Task - This exercise calls for the data below to be retyped exactly, minus any images.

Data -
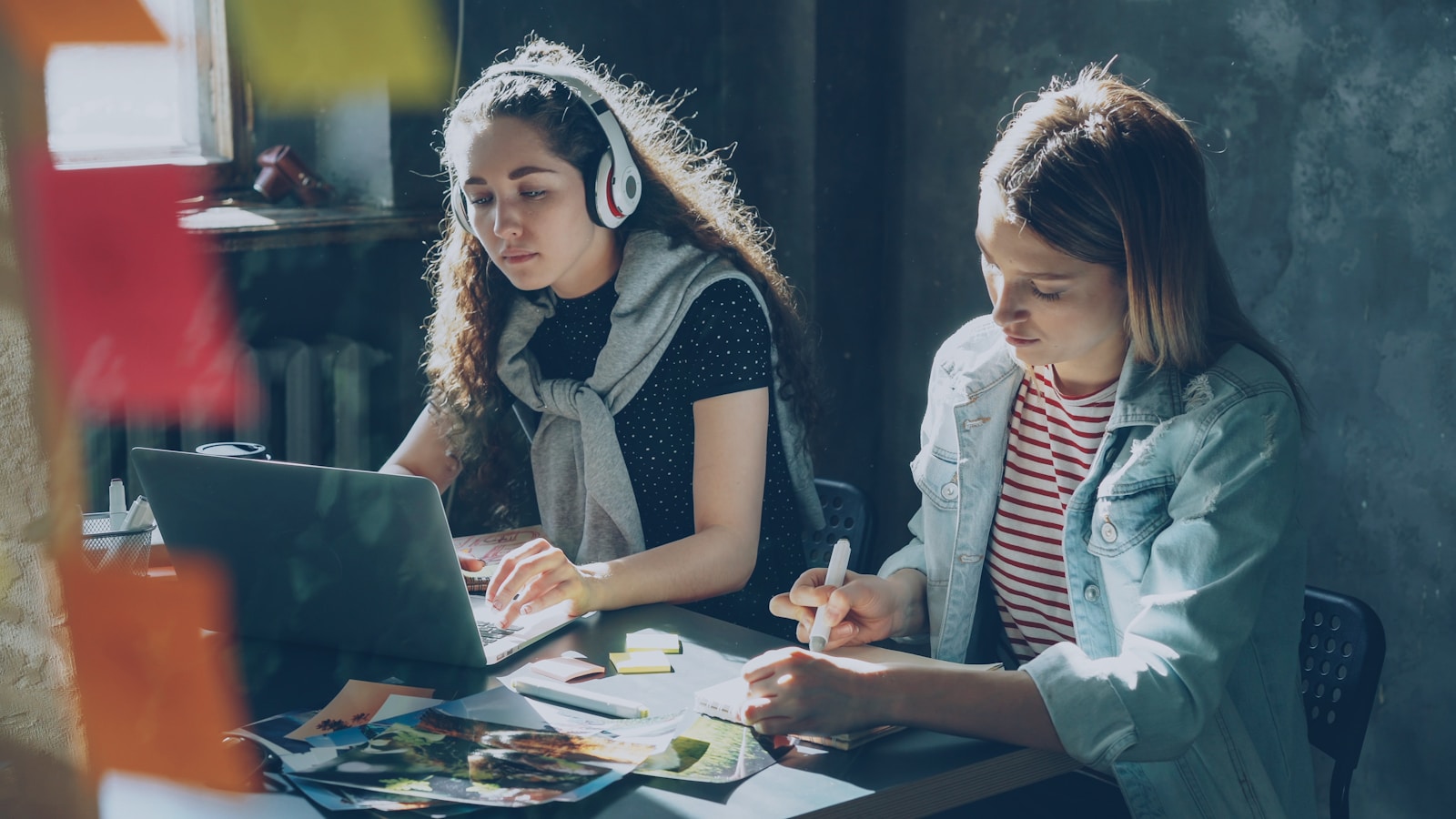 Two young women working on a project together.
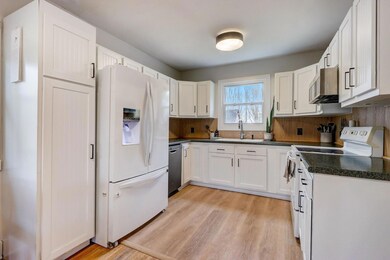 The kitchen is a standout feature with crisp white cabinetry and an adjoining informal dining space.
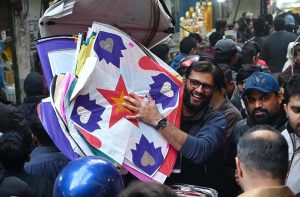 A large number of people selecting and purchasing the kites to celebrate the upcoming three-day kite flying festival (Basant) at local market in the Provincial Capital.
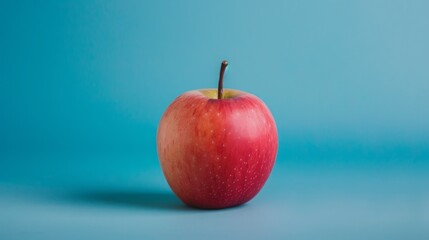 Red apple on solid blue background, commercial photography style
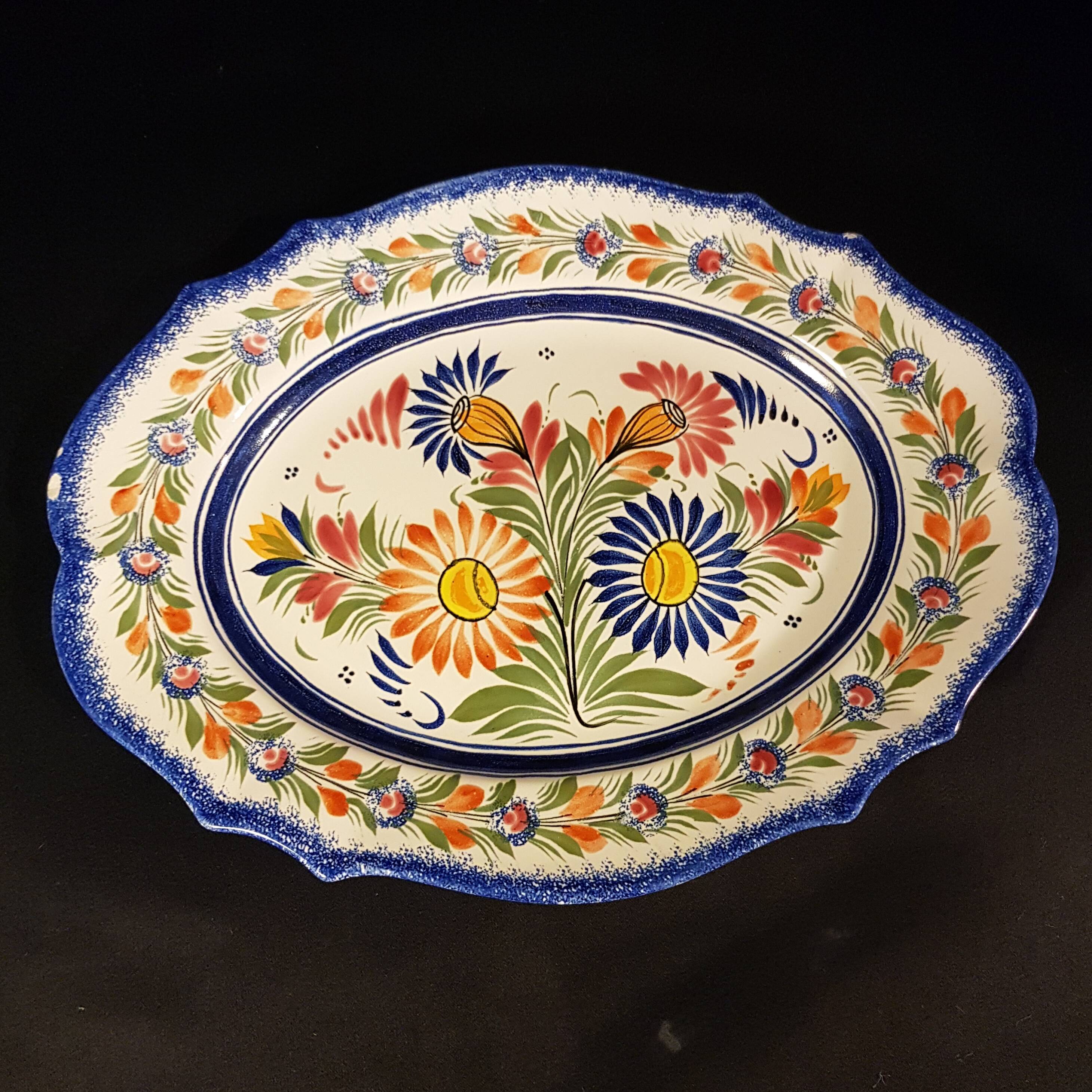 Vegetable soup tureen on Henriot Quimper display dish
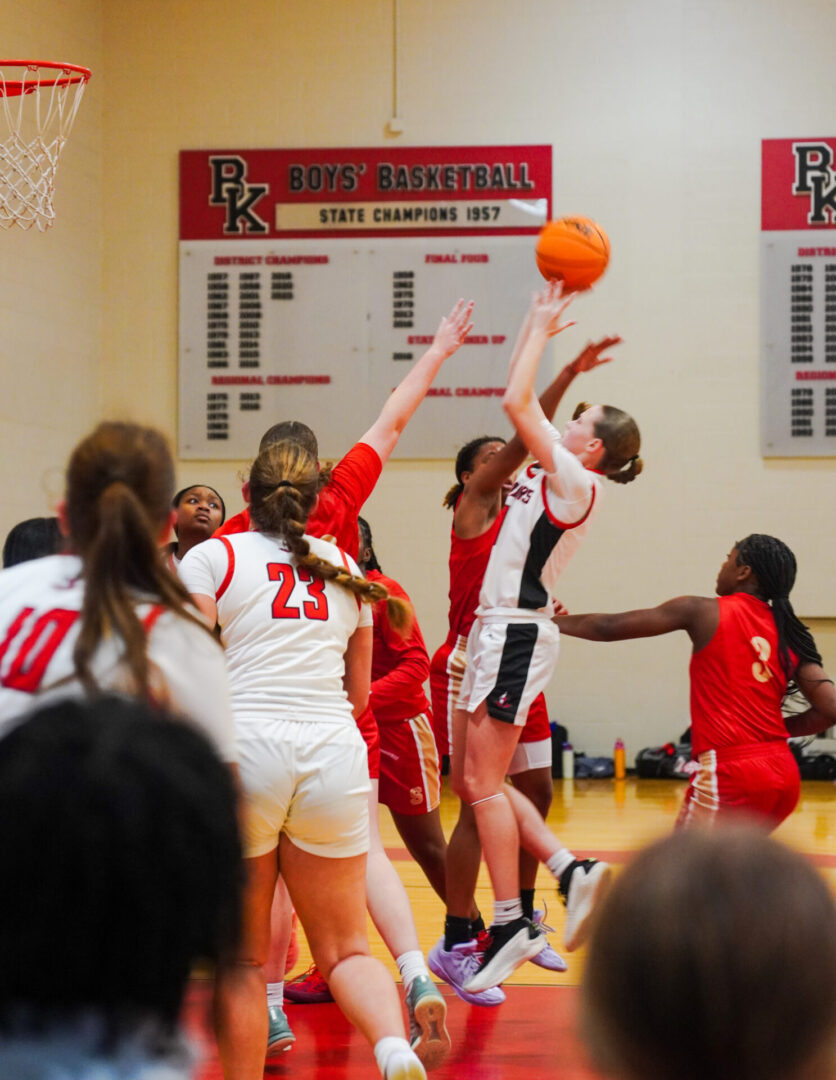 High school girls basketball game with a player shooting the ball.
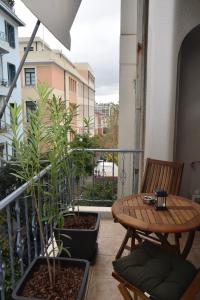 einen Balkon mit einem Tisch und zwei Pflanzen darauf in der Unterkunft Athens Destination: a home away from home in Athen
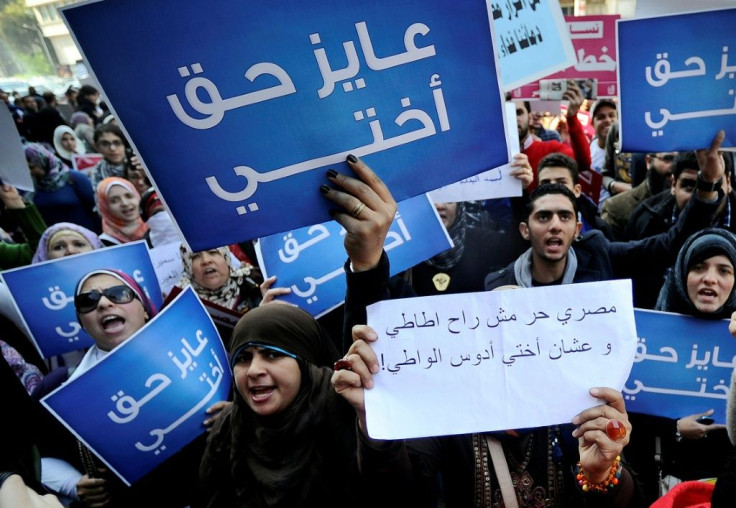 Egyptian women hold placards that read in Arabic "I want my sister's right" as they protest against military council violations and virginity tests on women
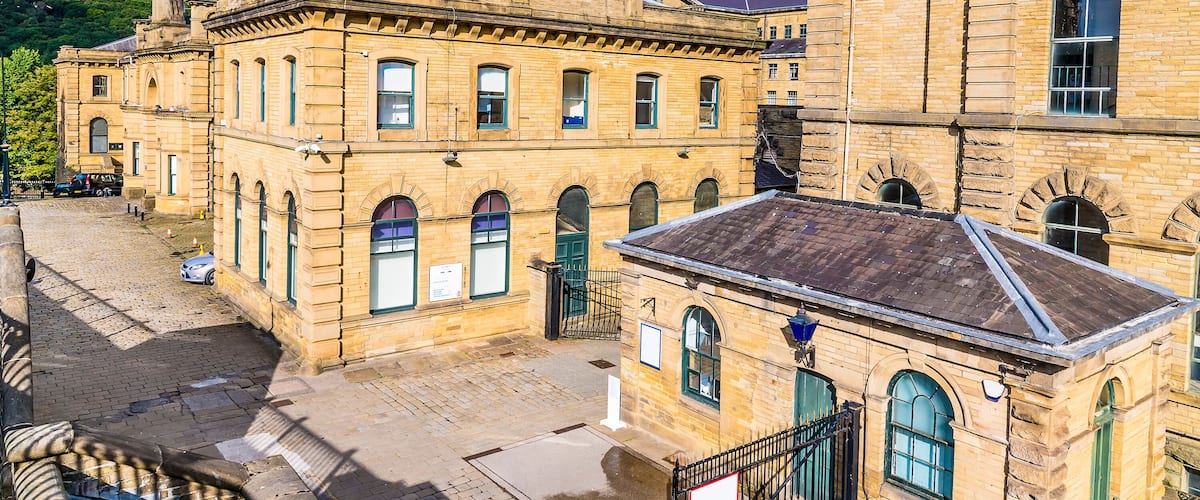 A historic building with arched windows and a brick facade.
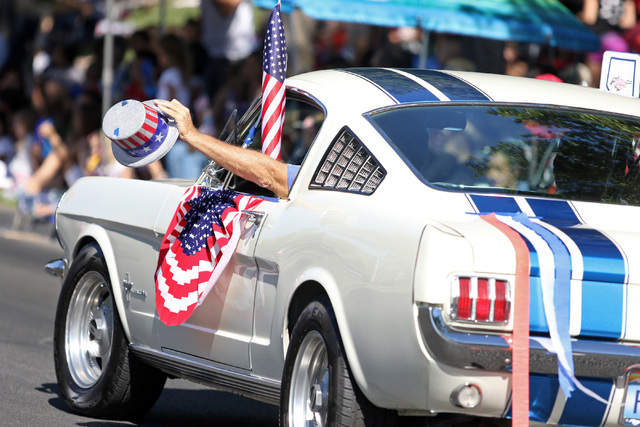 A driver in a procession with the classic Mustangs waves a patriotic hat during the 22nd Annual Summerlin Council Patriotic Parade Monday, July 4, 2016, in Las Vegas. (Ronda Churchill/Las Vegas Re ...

Answer section -
 Two young women working on a project together.
 The kitchen is a standout feature with crisp white cabinetry and an adjoining informal dining space.
 A large number of people selecting and purchasing the kites to celebrate the upcoming three-day kite flying festival (Basant) at local market in the Provincial Capital.
 Red apple on solid blue background, commercial photography style
 Vegetable soup tureen on Henriot Quimper display dish
 High school girls basketball game with a player shooting the ball.
 einen Balkon mit einem Tisch und zwei Pflanzen darauf in der Unterkunft Athens Destination: a home away from home in Athen
 Egyptian women hold placards that read in Arabic "I want my sister's right" as they protest against military council violations and virginity tests on women
 A historic building with arched windows and a brick facade.
 A driver in a procession with the classic Mustangs waves a patriotic hat during the 22nd Annual Summerlin Council Patriotic Parade Monday, July 4, 2016, in Las Vegas. (Ronda Churchill/Las Vegas Re ...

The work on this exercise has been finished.